Simply by asserting a unit, a "one" of something, a complex unpredictable pattern arises.
1 / 5 (1) May 16, 2013
Numerical singularities are not identical to physical space/time ones: "The question of the validity of the hypotheses of geometry in the infinitely small is bound up with the question of the ground of the metric relations of space. In this last question, which we may still regard as belonging to the doctrine of space, is found the application of the remark made above; that in a discrete manifoldness, the ground of its metric relations is given in the notion of it, while in a continuous manifoldness, this ground must come from outside. Either therefore the reality which underlies space must form a discrete manifoldness, or we must seek the gound of its metric relations outside it, in binding forces which act upon it.
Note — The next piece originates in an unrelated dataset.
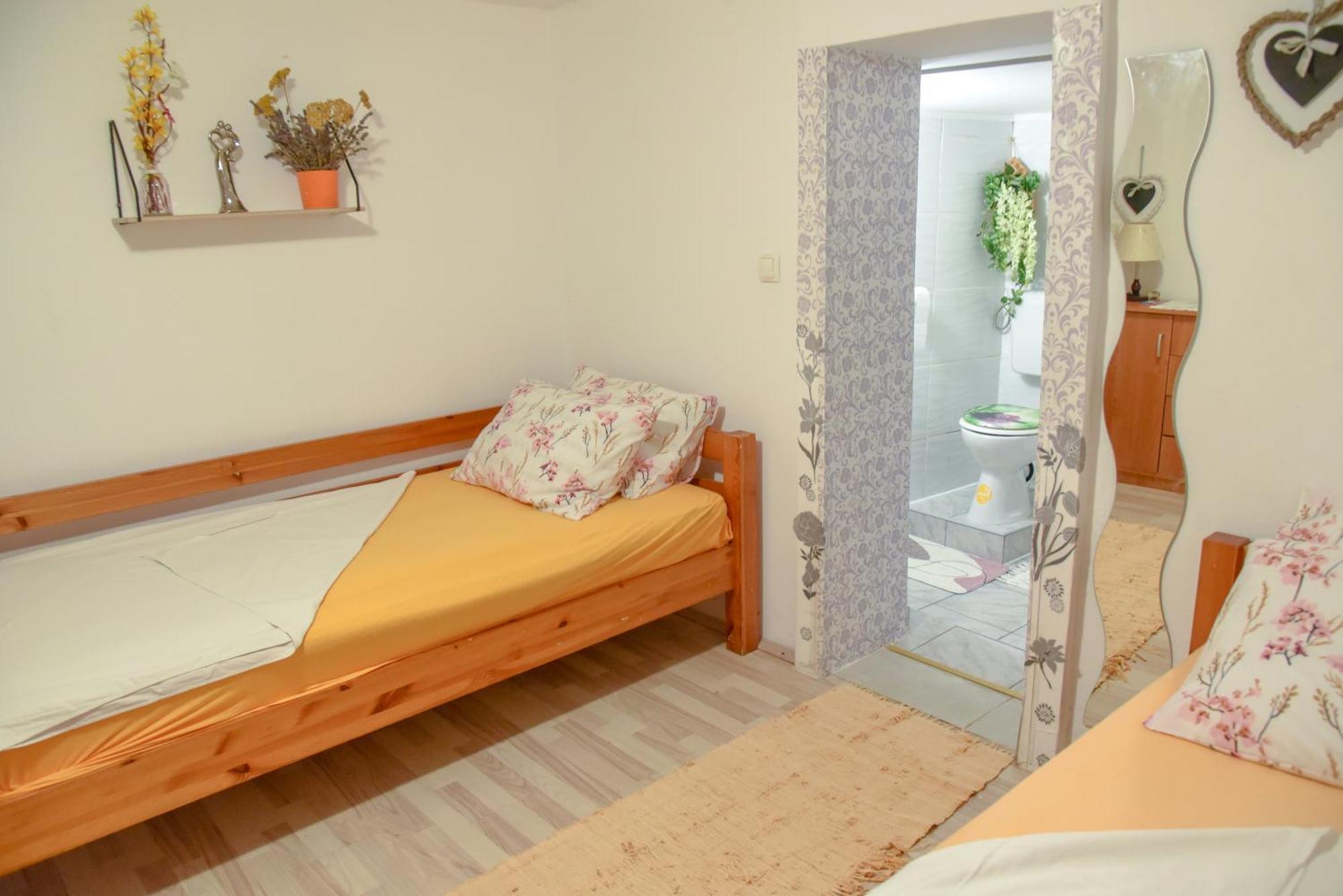 Apartments Vendi شيبينيك المظهر الخارجي الصورة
The answer to these questions can only be got by starting from the conception of phenomena which has hitherto been justified by experience, and which Newton assumed as a foundation, and by making in this conception the successive changes required by facts which it cannot explain. Researches starting from general notions, like the investigation we have just made, can only be useful in preventing this work from being hampered by too narrow views, and progress in knowledge of the interdependence of things from being checked by traditional prejudices.This leads us into the domain of another science, of physic, into which the object of this work does not allow us to go to-day." Riemann "On the Hypotheses which lie at the Bases of Geometry."
1 / 5 (2) May 20, 2013
I have a serious doubt on this proof: the un-proven conjecture would be the same Riemann conjecture, but this was proven and also today not well knowed!
1 / 5 (2) May 20, 2013
REPEATing, I have a serious doubt on this proof: the un-proven conjecture would be the same Riemann (and Gauss for prime numbers) conjecture, but this was proven and also today not well knowed!
not rated yet May 28, 2013
I am really confused -- just now learning Calculus basics. Does this proof mean that there is at least one set of prime number pairs within every 70 million real numbers? Or just prime numbers? What does it MEAN to say that "the number of pairs of prime numbers that exist that are less than 70 million is infinite?" Since I am "cursed" with thinking verbally (as opposed to graphically and/or pictorially as is the case with most "smart ass" mathematicians), if you reply please use words and not symbols -- if possible. Dean
4 / 5 (4) May 29, 2013
No, it doesn't mean that. Here's what it means:

We'll start with an analogy, the Prime Numbers between 1 and 100. They're 2, 3, 5, 7, 11, 13, 17, 19, 23, 29, 31, 37, 41, 43, 53, 59, 61, 67, 71, 73, 79, 83, 89 and 97. A pair of Prime Numbers is any two consecutive Primes, so (2,3) and (43,53) are pairs. Notice how some primes in this list are pretty close together, and some are rather far apart. (3,5), (5,7), (11,13), (17,19), (29,31), (41,43), and (71,73) are all separated by only 2. There's 7 pairs of Primes less than 100 separated by only 2, 6 of those are less than 50, 4 of those are less than 25, and 3 of those are less than or equal to 13.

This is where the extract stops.